ISBN-13: 9781101871430
Publisher: Knopf Doubleday Publishing Group
Publication date: 03/05/2019
Pages: 352
Product dimensions: 6.10(w) x 9.30(h) x 1.10(d)

About the Author

MATTHEW O. JACKSON is the William D. Eberle Professor of Economics at Stanford University (where he received his Ph.D. in 1988), an external faculty member of the Santa Fe Institute, and a fellow of the Canadian Institute for Advanced Research. He has received the Social Choice and Welfare Prize, the Berkeley Electronic Press Arrow Prize for Senior Economists, and a Guggenheim Fellowship.
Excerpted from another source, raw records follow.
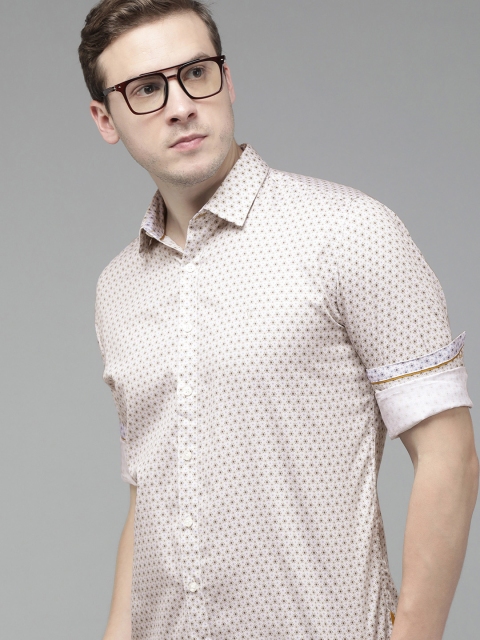 

V Dot Men Beige Slim Fit Printed Pure Cotton Casual Shirt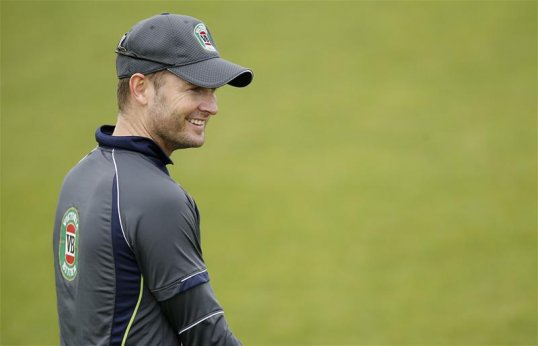 Australia captain Michael Clarke believes there will be a ‘friendly rivalry’ between his side and England during the upcoming Ashes series.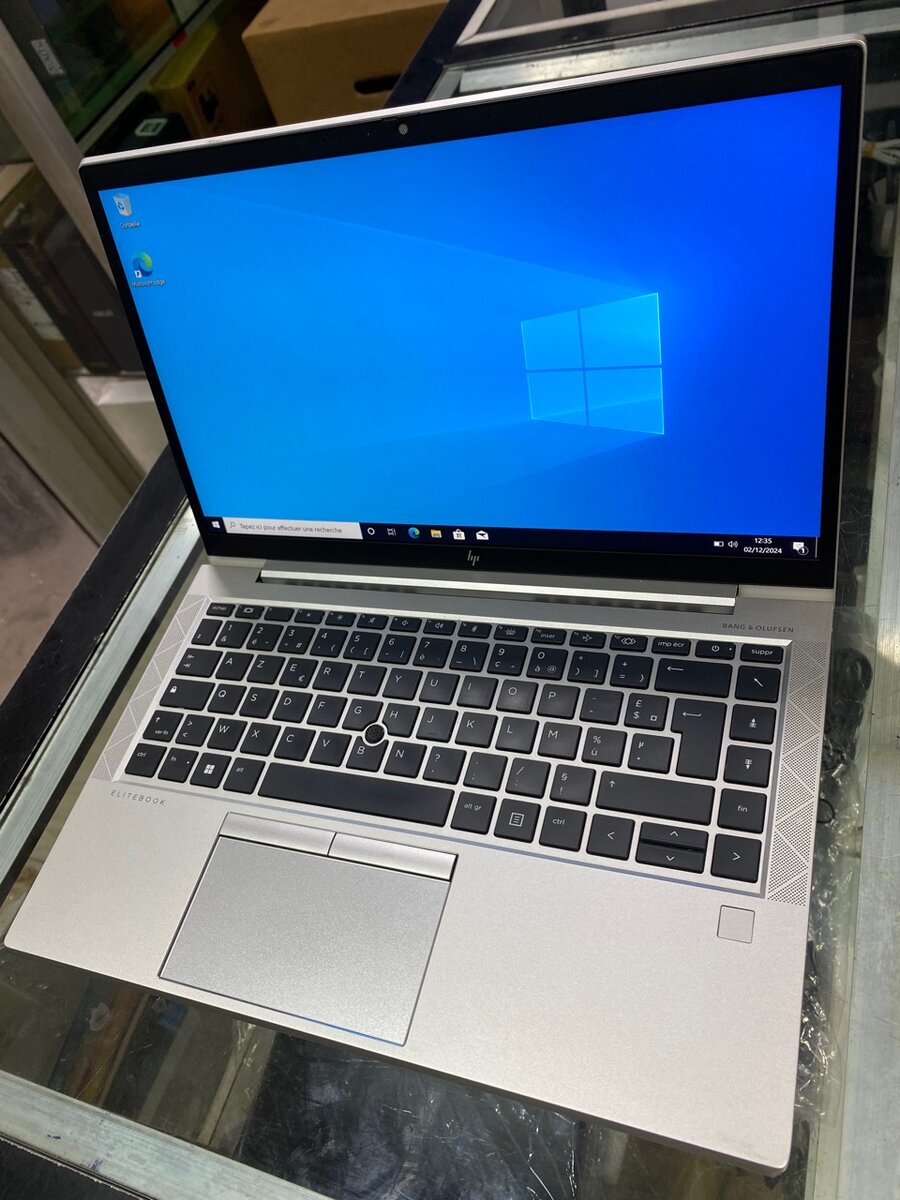 HP ELICTEBOOK RYZEN 3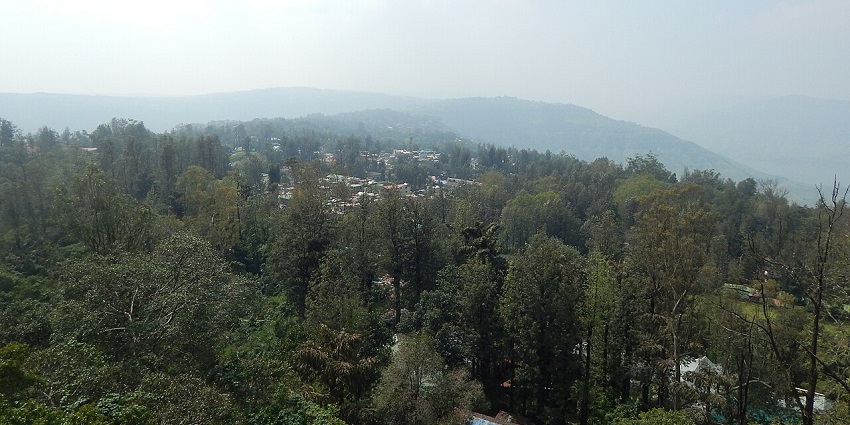 A panoramic view of Table Land, showcasing things to do in Panchgani, including its verdure plateau.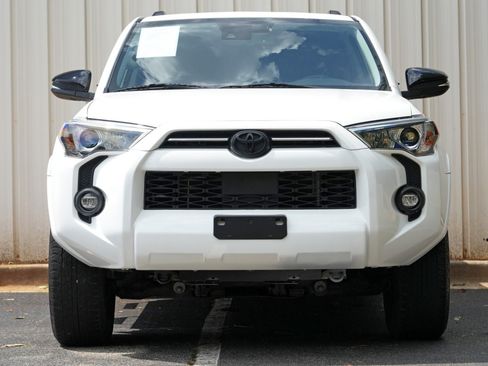 Used 2021 Toyota 4Runner SR5 Premium w/ Moonroof Package AWD/4WD image 6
He has served as co-editor of Games and Economic Behavior, the Review of Economic Design, and Econometrica. He co-teaches a popular game theory course on Coursera.org along with Kevin Leyton-Brown and Yoav Shoham.

Read an Excerpt

From:
 
1 · Introduction: Networks and Human Behavior
 
The More Things Change
 
On December 17, 2010, Mohamed Bouazizi, a twenty-six-year-old street vendor in the dusty small city of Sidi Bouzid in cen­tral Tunisia, lit himself on fire. He did so as a desperate statement of outrage at the tyrannical government that had ruled Tunisia for more than two decades and repeatedly crushed any opposition. His family had long been outspoken against the government and he found himself regularly harassed by the local police. That morning, the police publicly humiliated him and confiscated his day’s produce. Mohamed had borrowed the money to buy his produce, and its loss was the last of many straws. Mohamed drenched himself in gasoline and burned himself alive in protest.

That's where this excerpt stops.